本作はモルターラ家の悲しみと抵抗を描く序盤から、意外なほど淡々とした法廷劇によって徐々に実情が明らかになる中盤を経て10年後、“立派な教徒”となった青年エドガルドを映し出す。同時に、ピウス9世を権力に固執するコッテリ居丈高な人物として描くことで信仰の歪み(ひずみ)も印象づけ、わかりやすく“因果応報”的な描写すらある。そして国家統一の気運が高まっていたこともあり、やがてこの騒動は教皇領のイタリア併合へとつながっていく――。

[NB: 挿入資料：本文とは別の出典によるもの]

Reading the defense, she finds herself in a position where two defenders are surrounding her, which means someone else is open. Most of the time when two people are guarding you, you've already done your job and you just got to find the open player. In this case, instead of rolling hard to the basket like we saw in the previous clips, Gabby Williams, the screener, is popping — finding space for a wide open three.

当時の権力・司法構造や宗教テーマなど、とくに日本の観客は少なくないハードルを実感するはずだ。それでも物々しい音楽や演劇的な演出でダレさせず、純粋に実話もののサスペンス劇として仕上がっているので、過剰に構える必要はない。むしろ注意すべきなのは、本作を観る前から抱くであろう「悪のカトリック/善のユダヤ」という極端なイメージに流されてしまうことではないだろうか。

揺るぎない“神の意志”と、人間的道徳の“当たり前”

マルコ・ベロッキオ監督は、『シチリアーノ 裏切りの美学』(2019年)では巨大マフィア組織を多面的に描くことで、社会における善悪の境界の曖昧さを我々に突きつけた。国家や宗教、政府や運動組織を両面からフラットに見ることは必要不可欠で実際に有益だが、本作では少年期エドガルド視点の描写こそ薄いものの、ほぼ完全に被害者側に寄り添って描かれている。

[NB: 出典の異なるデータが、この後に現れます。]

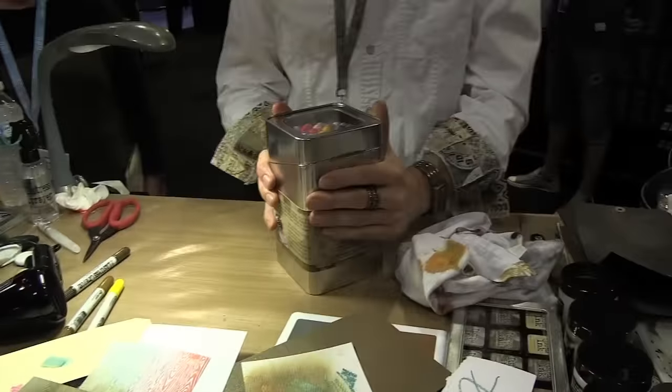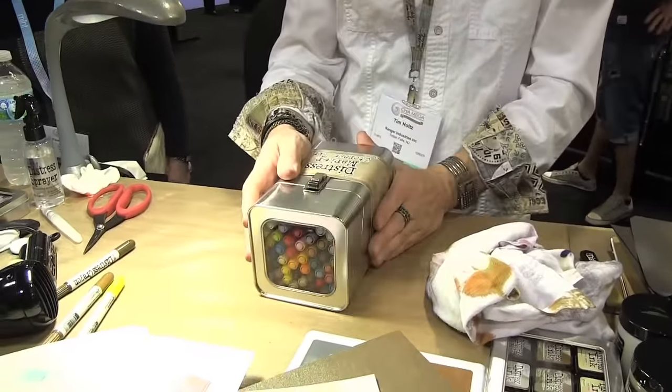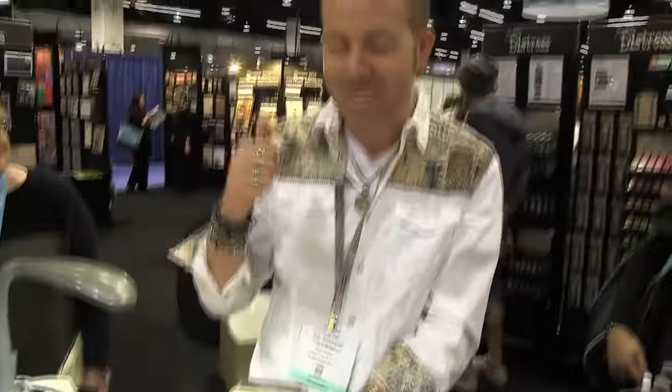Another thing to Distress — the Distress marker storage tin. I loved it. When the markers first came out and had that cool little hex lid, I loved it. And then as we got more markers, they couldn't make that hex lid any bigger, so the container got bigger, but they would just roll off the table.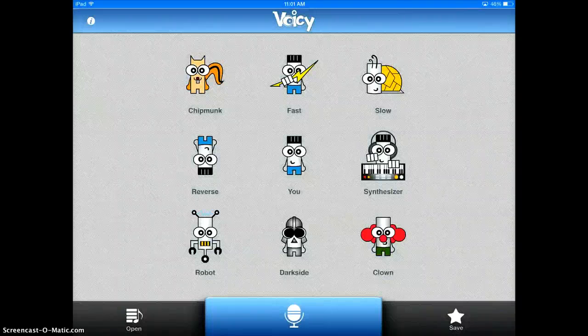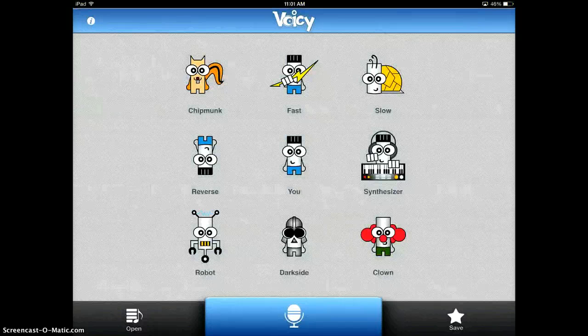The Voicey app is a very fun app to use with students. It gets them very excited to practice their reading fluency. I got this idea from a teacher here in our district. She said that she would use it with her second grade students quite often, and it was a great way for her to check and make sure that her students were actually reading.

もちろん愛する子どもを奪われた親の悲しみは同情すべきものだし、教会側の言い分が屁理屈にしか聞こえないのも事実だが、同時に“神の意志にのみ従う”熱意にも偽りはない。さらに、かつてのユダヤ人への抑圧(反ユダヤ主義)から目を背けるわけにもいかず、それは“被害者”となった6歳の子どもの“解放”がいかに困難であるかを訴える、怒りと悲しみと愛情が混在したクライマックスからも伝わってくる。

本作で描かれるあらゆるものを理解しようとすればするほど、時代や民族・宗教の壁が立ちはだかり、遠い異国で間接的に強者の側に寄り添っている私たちは、ますます頭を抱えてしまう。とはいえ、こうした歴史的抑圧の帰結するところが他民族への侵略であるのならば、それは絶対に受け入れられない。一部始終を見せられているはずの我々観客が、「息子はローマで嘘を刷り込まれる」という母マリアンナの言葉を真正面から受け止めることができないとしたら、それは理を失った現代社会と無関係ではないだろう。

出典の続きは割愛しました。